Australia's largest mortgage broker says it has recorded a fall in the number of investor property loans it processes, with a big drop off in NSW.
The number of property investor loans processed by Australia's largest mortgage broker fell in June, with a big slide in investment loans in the booming Sydney market.
AFG processed a record 11,056 mortgages worth $5.1 billion in June, but only 36.9 per cent were for property investment, down from 40.9 per cent in May.
The sharpest fall in investor loans was in NSW, sliding to 41.6 per cent in June from 49.8 per cent in May, amid ongoing concerns of overheating in Sydney's house market.
Rapid price rises in the NSW capital have largely been fuelled by investor activity.
"If this trend continues, it should help allay concerns about overheating in Sydney in particular, as investment levels there come back into line with the sustainable, long term national average," AFG managing director Brett McKeon said.

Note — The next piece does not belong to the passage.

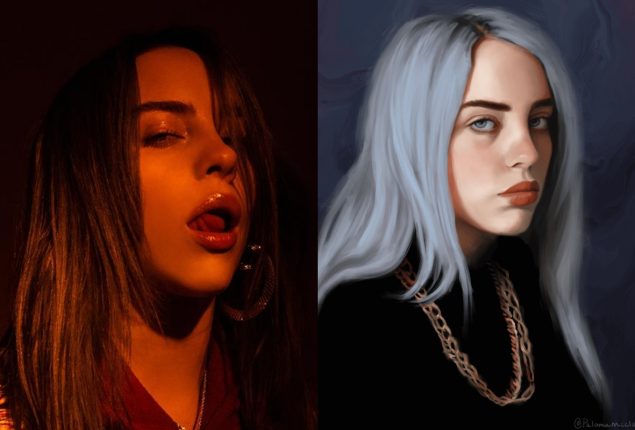 Tech-Savvy Artists Combat AI Copycats with Creative Arsenal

The figures show moves by the Australian Prudential Regulatory Authority to cool the Sydney market were taking effect, he said.

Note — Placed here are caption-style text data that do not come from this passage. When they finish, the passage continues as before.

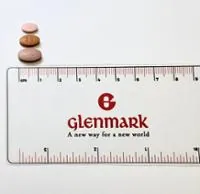 APREMILAST GLENMARK 10 MG + 20 MG + 30 MG COMPRIMIDOS RECUBIERTOS CON PELICULA EFG - Imagen 2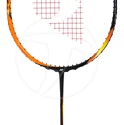 Badmintonschläger Yonex Astrox 7 besaitet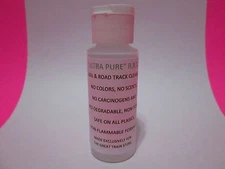 "ULTRA PURE" RAILROAD TRACK CLEANER NEW G O S HO TT N Z - 2oz BOTTLE NEW 🇺🇸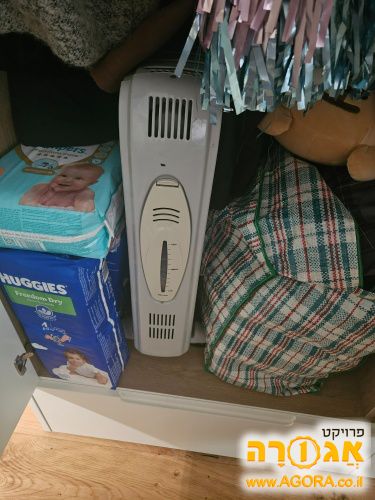 רדיאטור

The regulator has heightened surveillance of lending practices and warned that growth in investor loan portfolios materially above 10 per cent could prompt regulatory action.
AFG said the number of loans to investors were also down in South Australia, Queensland, Victoria, and Western Australia.

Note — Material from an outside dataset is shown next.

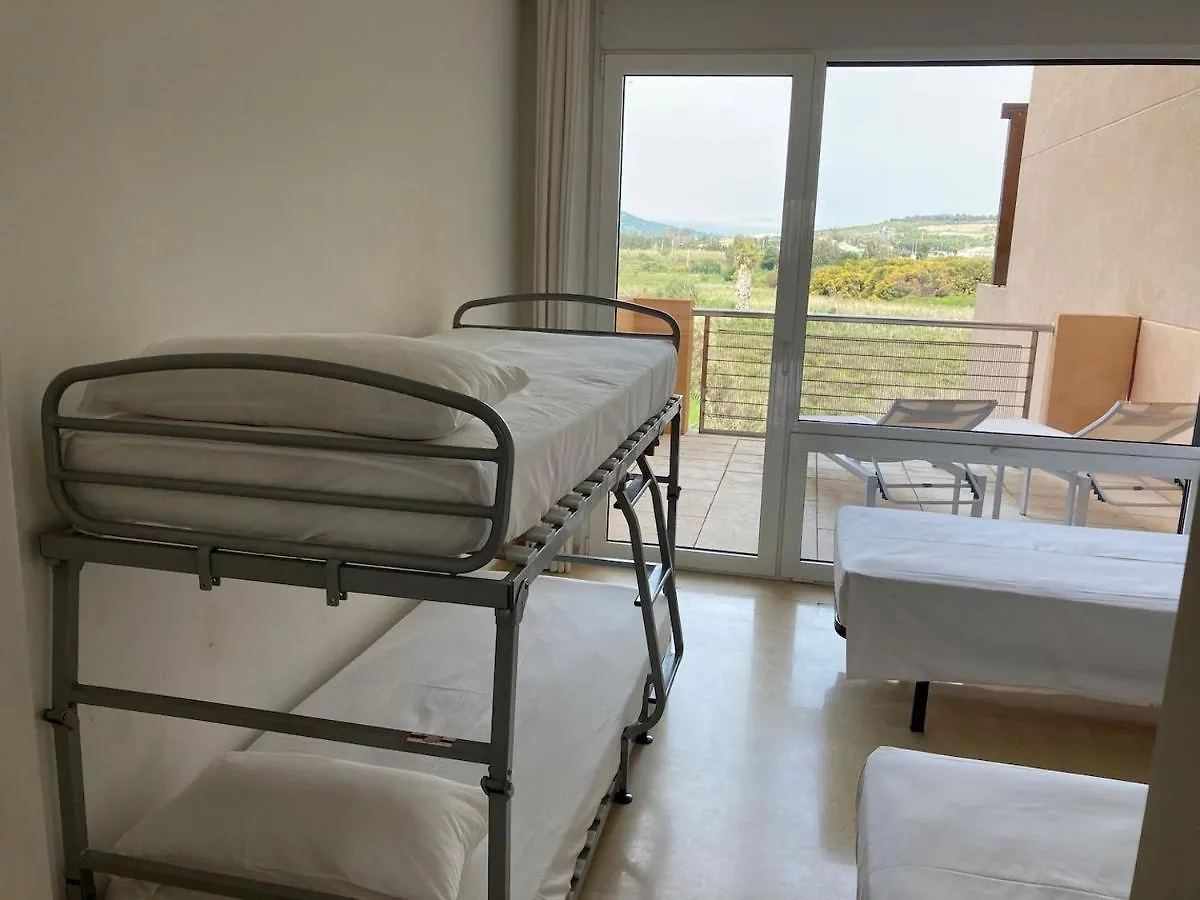 Ribera Del Marlin Apartment Sotogrande Spain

Figures released last week by the Reserve Bank showed the value of investor housing loans rose 0.8 per cent in May, taking growth over 12 months to 10.4 per cent.
Meanwhile, the latest property market analysis from CoreLogic RP Data showed house prices continue to surge.
In the week ending Sunday, prices rose an average 1.2 per cent in Sydney and 2.3 per cent in Melbourne - the third consecutive weekly rise in both cities.
Annual price growth has lifted to 16.4 per cent for Sydney and 10.4 per cent for Melbourne.